Ratana pa had grown up haphazardly on Ratana family land. In 1950 it had no proper roads, no sewerage, no water reticulation, and many of the houses were dilapidated with earth floors and no cooking or washing facilities. Overcrowding was rife, as were tuberculosis and other diseases. Individuals criticised, and successive governments reported on conditions, without doing anything. Iriaka Ratana’s greatest achievement was to turn this situation around. She brought people together for meetings from 1951, and bullied the Aotea District Maori Land Board into providing housing at Ratana pa rather than in the town of Wanganui. She went to the minister of Maori affairs, E. B. Corbett (and later to Walter Nash when he was prime minister), and invited him to Ratana pa to see conditions for himself. She succeeded in getting the ineffective Ratana Trust Board supported by a tribal committee under the Maori Social and Economic Advancement Act 1945, which meant government subsidies could be sought to carry out the necessary works at Ratana pa. The result of her long hard struggle throughout the 1950s was water reticulation, surveys and titles, which permitted a housing programme, road development, sewerage and other benefits.

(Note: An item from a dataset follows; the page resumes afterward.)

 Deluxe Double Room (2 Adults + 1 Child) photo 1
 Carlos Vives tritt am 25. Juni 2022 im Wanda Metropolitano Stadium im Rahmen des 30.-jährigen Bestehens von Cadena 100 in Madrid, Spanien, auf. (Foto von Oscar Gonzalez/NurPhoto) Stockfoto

In 1958 Iriaka travelled on behalf of the government to Barbados to attend the Commonwealth Parliamentary Association conference. In 1959 a car crash left her with severe chest and head injuries, and unable to attend to her parliamentary duties for over a year. Her health was weakened, but she worked on for another 10 years. In the 1960s she allowed herself to be more critical of the government and joined in criticism of the New Zealand Maori Council of Tribal Executives. Her denunciation of the 1967 Maori Affairs Amendment Bill was scathing: ‘This Bill is so revolutionary in destroying Maori interests and Maori ideals that no Maori who has the welfare of his race at heart could possibly be in favour of it’. But in her last speech she again expressed the inevitability and desirability of integration and optimism for the future of race relations.
In 1969 Iriaka Ratana retired from Parliament and public life to her farm. For 10 years she read, gardened and made korowai (cloaks ornamented with black thrums), which was her favourite hobby. In 1971 she was appointed an OBE. She died aged 76 at Wanganui Hospital on 21 December 1981, survived by nine children and many grandchildren. She was buried at Aramoho cemetery.